▸ **Exercise directions**
Would you copy only the lines below, from the one containing "Amsterdam Acrylic Ink" through the very last one, leaving the pictures out?

▸ **Given material**
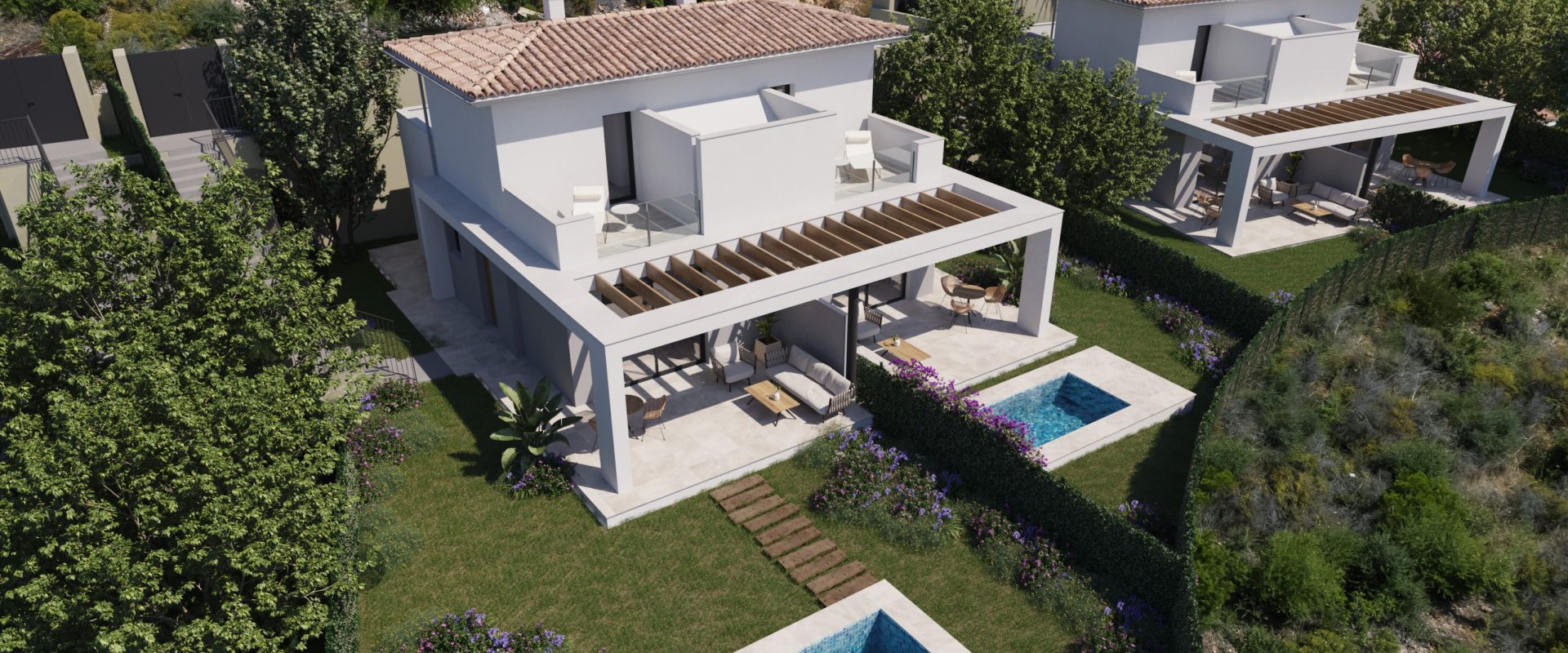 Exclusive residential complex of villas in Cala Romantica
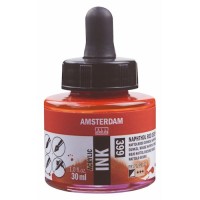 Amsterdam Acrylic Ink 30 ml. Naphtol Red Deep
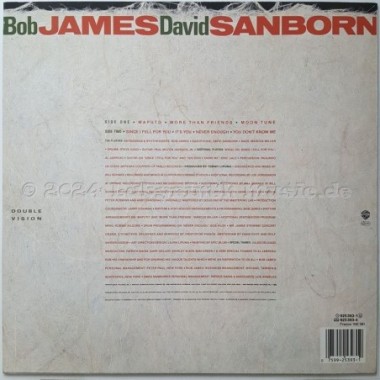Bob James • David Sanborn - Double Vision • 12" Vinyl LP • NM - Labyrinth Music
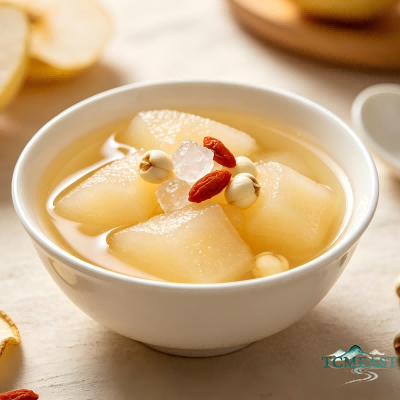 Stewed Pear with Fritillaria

▸ **Task solution**
 Amsterdam Acrylic Ink 30 ml. Naphtol Red Deep
Bob James • David Sanborn - Double Vision • 12" Vinyl LP • NM - Labyrinth Music
 Stewed Pear with Fritillaria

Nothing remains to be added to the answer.